Effective Managing Meetings

A few years ago, I did something weird. I fell in love with a concept. I was studying Business Process Management, and one of the key aspects is defining processes. If I had to describe this concept in three bullet points, it would be:

  1. You cannot improve a process that you cannot control
  2. You cannot control a process that you cannot map
  3. You cannot map a process that you cannot describe

W. Edwards Deming stated, “If you cannot define what you are doing as a process, you do not understand what you are doing.” I typically take it a step further, as I believe that if you cannot define what you are doing, you should probably stop doing it. I don’t know about you, but I’ve been in a lot of meetings where I didn’t know what I was doing there.

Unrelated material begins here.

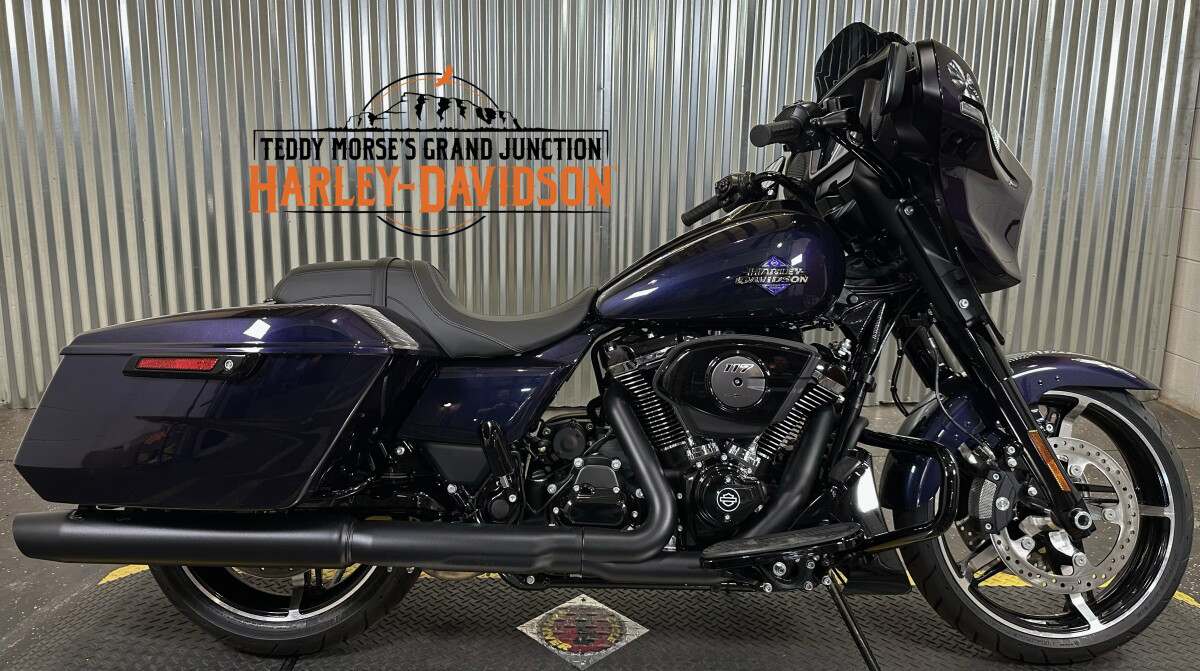 Street Glide®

Meetings are the reason that I hated Monday mornings for most of my 20’s. Well, one of the reasons. After working for a few people that enjoyed the manufactured self-importance that comes with mandating attendance and occupying 90 minutes of my life, I developed a deep disdain for meetings. I reasoned that wasting 90 minutes, almost 4% of the time most people spend at work for an entire week, was quite counterproductive.

This rationale led me to, for years, avoid calling meetings unless absolutely necessary. However, in the years since, I think that I have come up with a pretty good system for managing meetings. It blends the PMBoK view of three basic meeting types with how Scrum ceremonies are conducted.

Information Exchange

We have all spent time in this type of meeting. The danger increases as more people are invited, because the number of participants seems to unfortunately have no negative correlation with individual desire to “contribute” to the discussion. More people, more to say, longer meetings. A few ideas on how to more effective run these meetings:

  • First order of business is to establish a time box, such as a 30 minute maximum for the meeting. The meeting may take less time than allotted, but it will not take more. Set a timer, or state a time out loud (e.g., “This meeting will end at 9:45 am”). This creates a sense of urgency, and allows people to recommend taking off-topic items to be continued afterwards or placed ‘in the parking lot‘.
  • If you are running a meeting and you’re not sure why someone is in there, ask them if there is a reason for their attendance. If all they need is an update, they can get a copy of the meeting’s notes e-mailed to them afterwards – and not waste a half hour in a conference room.
  • Have a specific agenda, and stick to it. It is impossible to adhere to a time box if you allow topic drift. It isn’t necessary to use Robert’s Rules for every meeting, but order should be maintained.
  • Have someone take notes for dissemination after the meeting, and be sure to follow up on any items that were left open.

Decision Making

Meetings that result in a decision can often be difficult to manage, because people should disagree. Be wary of meetings where everyone agrees. Following the Bay of Pigs debacle, JFK stated that “Most of us thought it would work. I know there are some men now saying they were opposed from the start. I wasn’t aware of any great opposition.” While disagreement should be allowed, chaos can take over if these meetings are not well-controlled.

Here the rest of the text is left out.